To the uninitiated, it looked like Arthur had finally cashed out his retirement early. To Arthur, it was the ultimate heist.
Arthur prided himself on being a "sensible" man, which is why his neighbors were baffled when a shimmering, midnight-blue appeared in his driveway. what is the best used luxury car to buy
He had spent months down the rabbit hole of depreciation curves and reliability ratings. He’d flirted with the idea of a used German flagship—the BMW 7 Series was athletic, and the Mercedes S-Class was a rolling palace. But then he read the horror stories: air suspensions that collapsed like tired lungs and electrical ghosts that turned dashboards into Christmas trees. Then he found the Lexus. To the uninitiated, it looked like Arthur had
"You found the unicorn," the mechanic said. "This thing will still be running when we’re all driving flying pods." He had spent months down the rabbit hole
Arthur realized then that the best used luxury car wasn't the one that made people look at him; it was the one that made him forget the outside world existed, without ever leaving him stranded on the side of it.

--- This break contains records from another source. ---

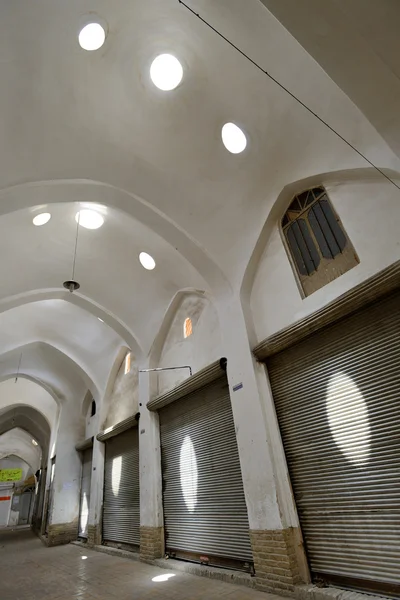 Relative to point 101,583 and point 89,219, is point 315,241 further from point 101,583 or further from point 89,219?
point 101,583

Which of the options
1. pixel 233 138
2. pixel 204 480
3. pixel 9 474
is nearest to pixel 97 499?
pixel 204 480

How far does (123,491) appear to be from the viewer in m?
8.95

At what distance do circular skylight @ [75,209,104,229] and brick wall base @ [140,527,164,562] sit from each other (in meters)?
6.45

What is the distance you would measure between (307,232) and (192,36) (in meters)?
3.05

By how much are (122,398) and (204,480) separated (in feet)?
15.7

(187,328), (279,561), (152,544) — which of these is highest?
(187,328)

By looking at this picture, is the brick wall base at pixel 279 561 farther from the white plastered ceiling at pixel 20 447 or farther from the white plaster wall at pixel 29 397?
the white plastered ceiling at pixel 20 447

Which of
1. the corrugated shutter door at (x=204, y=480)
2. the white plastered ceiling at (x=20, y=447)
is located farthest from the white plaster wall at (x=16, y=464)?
the corrugated shutter door at (x=204, y=480)

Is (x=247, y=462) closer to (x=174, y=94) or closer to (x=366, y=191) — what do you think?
(x=366, y=191)

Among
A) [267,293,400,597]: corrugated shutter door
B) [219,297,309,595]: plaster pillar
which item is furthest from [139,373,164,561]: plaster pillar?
[267,293,400,597]: corrugated shutter door

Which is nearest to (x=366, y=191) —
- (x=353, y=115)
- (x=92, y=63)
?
(x=353, y=115)

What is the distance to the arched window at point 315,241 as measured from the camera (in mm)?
4695

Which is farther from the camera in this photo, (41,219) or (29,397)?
(29,397)

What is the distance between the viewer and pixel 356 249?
4430mm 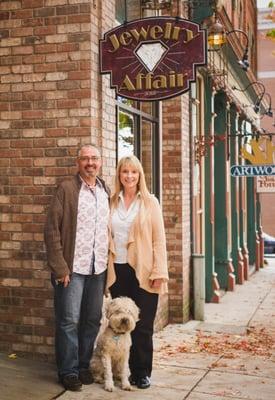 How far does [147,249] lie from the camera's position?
502cm

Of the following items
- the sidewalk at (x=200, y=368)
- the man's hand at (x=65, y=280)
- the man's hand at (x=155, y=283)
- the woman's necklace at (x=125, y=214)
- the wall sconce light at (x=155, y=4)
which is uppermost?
the wall sconce light at (x=155, y=4)

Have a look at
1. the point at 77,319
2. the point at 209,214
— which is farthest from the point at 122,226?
the point at 209,214

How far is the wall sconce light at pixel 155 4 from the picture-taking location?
7398mm

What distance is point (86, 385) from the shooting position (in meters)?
5.13

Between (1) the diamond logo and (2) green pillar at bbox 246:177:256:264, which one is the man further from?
(2) green pillar at bbox 246:177:256:264

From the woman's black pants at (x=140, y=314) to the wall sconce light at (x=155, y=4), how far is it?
3.80m

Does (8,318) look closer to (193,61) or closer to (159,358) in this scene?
(159,358)

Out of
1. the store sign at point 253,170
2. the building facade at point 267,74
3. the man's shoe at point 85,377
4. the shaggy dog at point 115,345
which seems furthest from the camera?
the building facade at point 267,74

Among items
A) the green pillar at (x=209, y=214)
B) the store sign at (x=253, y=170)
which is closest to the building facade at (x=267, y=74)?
the green pillar at (x=209, y=214)

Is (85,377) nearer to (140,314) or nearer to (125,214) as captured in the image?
(140,314)

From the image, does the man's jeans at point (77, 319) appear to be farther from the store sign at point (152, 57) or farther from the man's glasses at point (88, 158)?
the store sign at point (152, 57)

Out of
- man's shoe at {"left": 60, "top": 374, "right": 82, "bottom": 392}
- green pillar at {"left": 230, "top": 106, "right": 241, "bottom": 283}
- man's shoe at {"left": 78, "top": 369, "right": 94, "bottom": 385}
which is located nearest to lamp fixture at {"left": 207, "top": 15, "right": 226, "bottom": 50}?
green pillar at {"left": 230, "top": 106, "right": 241, "bottom": 283}

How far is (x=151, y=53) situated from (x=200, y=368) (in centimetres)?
323

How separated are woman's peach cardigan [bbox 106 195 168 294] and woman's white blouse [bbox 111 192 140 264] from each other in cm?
4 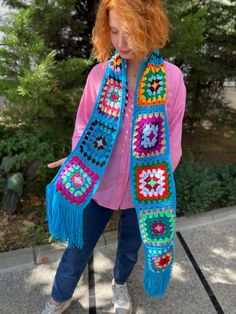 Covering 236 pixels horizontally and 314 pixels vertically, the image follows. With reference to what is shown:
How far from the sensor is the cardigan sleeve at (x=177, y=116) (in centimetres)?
179

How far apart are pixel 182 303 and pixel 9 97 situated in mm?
1835

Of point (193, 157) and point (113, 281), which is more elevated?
point (193, 157)

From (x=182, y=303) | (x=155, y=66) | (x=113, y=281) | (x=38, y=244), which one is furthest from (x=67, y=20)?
(x=182, y=303)

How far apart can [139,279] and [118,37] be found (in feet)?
5.68

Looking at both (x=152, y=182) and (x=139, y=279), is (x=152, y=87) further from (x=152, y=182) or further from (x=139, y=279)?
(x=139, y=279)

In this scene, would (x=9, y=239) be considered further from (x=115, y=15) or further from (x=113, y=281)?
(x=115, y=15)

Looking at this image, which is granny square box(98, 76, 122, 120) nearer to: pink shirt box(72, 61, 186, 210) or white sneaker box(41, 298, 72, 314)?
pink shirt box(72, 61, 186, 210)

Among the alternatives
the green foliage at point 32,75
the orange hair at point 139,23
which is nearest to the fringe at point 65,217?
the orange hair at point 139,23

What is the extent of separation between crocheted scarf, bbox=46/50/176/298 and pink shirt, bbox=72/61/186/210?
0.13 ft

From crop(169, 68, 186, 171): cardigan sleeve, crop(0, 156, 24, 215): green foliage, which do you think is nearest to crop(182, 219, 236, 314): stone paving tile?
crop(169, 68, 186, 171): cardigan sleeve

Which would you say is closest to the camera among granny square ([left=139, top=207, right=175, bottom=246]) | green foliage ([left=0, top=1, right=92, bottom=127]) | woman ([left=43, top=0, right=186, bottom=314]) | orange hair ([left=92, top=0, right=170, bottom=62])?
orange hair ([left=92, top=0, right=170, bottom=62])

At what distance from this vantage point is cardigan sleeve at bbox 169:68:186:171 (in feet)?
5.88

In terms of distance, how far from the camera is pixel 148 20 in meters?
1.58

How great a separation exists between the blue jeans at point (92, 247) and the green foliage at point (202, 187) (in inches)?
50.9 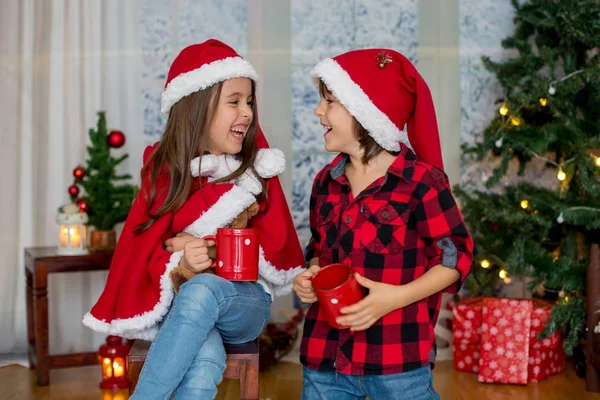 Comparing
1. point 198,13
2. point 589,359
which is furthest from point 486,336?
point 198,13

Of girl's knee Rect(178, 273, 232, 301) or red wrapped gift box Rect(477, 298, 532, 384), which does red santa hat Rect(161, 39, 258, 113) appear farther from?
red wrapped gift box Rect(477, 298, 532, 384)

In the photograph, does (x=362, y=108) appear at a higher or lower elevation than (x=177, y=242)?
higher

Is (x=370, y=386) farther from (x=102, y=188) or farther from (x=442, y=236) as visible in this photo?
(x=102, y=188)

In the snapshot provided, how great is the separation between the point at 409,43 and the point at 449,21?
192mm

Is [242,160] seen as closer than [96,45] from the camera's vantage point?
Yes

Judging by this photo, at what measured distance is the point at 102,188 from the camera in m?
2.99

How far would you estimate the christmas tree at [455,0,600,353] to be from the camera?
2.80m

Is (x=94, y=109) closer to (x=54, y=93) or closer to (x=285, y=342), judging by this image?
(x=54, y=93)

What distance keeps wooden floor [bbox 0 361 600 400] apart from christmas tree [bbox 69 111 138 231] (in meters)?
0.61

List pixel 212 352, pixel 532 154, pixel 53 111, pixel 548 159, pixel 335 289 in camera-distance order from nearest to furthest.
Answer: pixel 335 289 → pixel 212 352 → pixel 532 154 → pixel 548 159 → pixel 53 111

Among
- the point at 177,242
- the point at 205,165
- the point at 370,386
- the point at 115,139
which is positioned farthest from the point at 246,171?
the point at 115,139

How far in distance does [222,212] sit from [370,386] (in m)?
0.55

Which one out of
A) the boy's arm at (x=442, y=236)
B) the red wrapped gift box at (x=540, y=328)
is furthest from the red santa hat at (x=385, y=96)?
the red wrapped gift box at (x=540, y=328)

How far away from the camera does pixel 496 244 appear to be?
10.0 feet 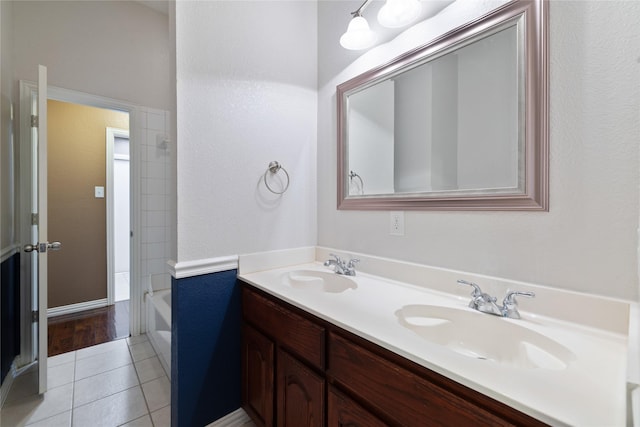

The first time Arthur took it on the highway, he finally understood. At 70 mph, the cabin was so silent he could hear his own heartbeat. The V8 engine didn’t roar; it hummed with a quiet, infinite power. While his friends were paying $800 a month to lease base-model crossovers with vibrating four-cylinder engines, Arthur was wrapped in semi-aniline leather and real shimamoku wood.